Love is a Family Tradition
Homily for the Nuptial Mass uniting Stacey Jo Pagorek to Patrick Joseph Beattie
Preached on December 27, 2008 at Mary, Queen of the Holy Rosary Church, Lexington KY
Readings: Sirach 3:2-6, 12-14; Psalm 105:1-2, 3-4, 5-6, 8-9; Colossians 3:12-17; Luke 2:22-40
Patrick and Stacey, all the days of your life, you will look back on this day, the 27th of December, and the two digits of this date will remind you of a couple of things about this wedding. The numbers two and seven will bring back a flood of memories: the number two for the two short weeks that you spent planning this wedding, and the number seven for the seven long years that you spent dating.

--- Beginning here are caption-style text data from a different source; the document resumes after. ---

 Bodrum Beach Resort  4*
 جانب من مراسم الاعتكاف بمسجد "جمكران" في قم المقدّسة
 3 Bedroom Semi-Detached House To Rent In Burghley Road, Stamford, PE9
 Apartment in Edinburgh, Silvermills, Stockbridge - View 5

All the days of your life, you will look back on this day, the Feast of the Holy Family, and this feast will remind you that at the hour when you vowed your undying love for each other you were surrounded by family. You will remember that you stood here in God’s house, asking the Lord to grant you the blessing to start your own family, to give you the grace to be faithful and loving to each other as husband and wife. You will remember that you stood here in God’s house as adults in your own right, with your parents standing right next to you and holding in their hands the candles that were used at your baptism and at your First Communion. Your parents were the first ones to bring you to God’s house some thirty years ago to be baptized and to be named as children of God. They were the ones who brought you up in the faith of God’s family, the Church, and you honor them now by what you do today here in God’s house. As you pledge your love for each other before the Lord’s altar, you are letting your parents know that the faith that they have taught you, the faith they have shared with you, the faith they have raised you matters, and that the God whom they love, honor, and worship is the same God whom both of you seek to love, honor, and worship. You honor your fathers and you revere your mothers, and in return, as Sirach reminds us, the Lord assures you His blessings of a long life, atonement for your sins, and a house raised in justice to you (cf. Sir. 3:3, 6, 14).

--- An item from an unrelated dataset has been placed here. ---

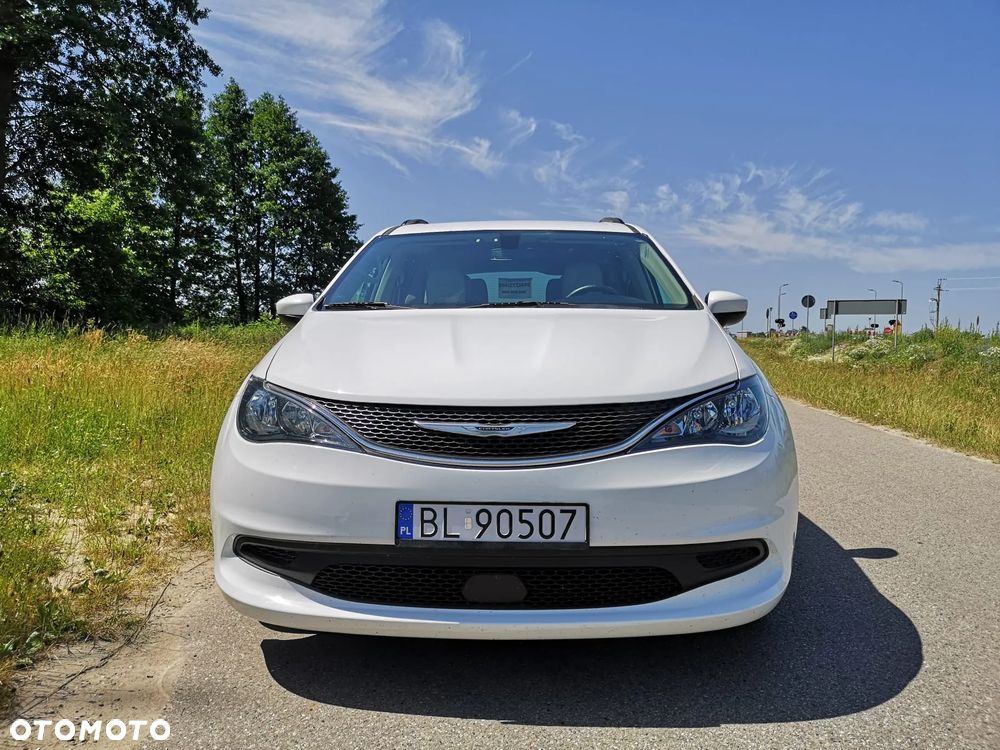 Chrysler Pacifica - 4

All the days of your life, you will find yourselves looking back to the homes of your childhood and you will realize that the bulk of your preparation for marriage and family life has come not from the Pre-Cana sessions and classes you had with me but from the families you grew up in. To put it in another way, you did not know it but you were homeschooled for marriage. Indeed, it is the example of your parents that you will turn to in building your own family and in dealing with each other as husband and wife. That can be a good thing and that can be a bad thing. After all, you have learned from them some good habits and some bad habits: how to make lists, how to make a mess and live with that mess, and I’ll let you fill in the rest of the blanks. But, you know, Stacey, the fact that Patrick lived with your parents for three years and still wants to marry you and be a member of your family, tells me that he has found much to respect in the family life of the Pagoreks. The fact that your parents approve of him to be your husband also tells me that they too have come to appreciate how he has been raised by the Beatties. There is no doubt in my mind that there is a wealth of wisdom and support and love that comes from your families of origin.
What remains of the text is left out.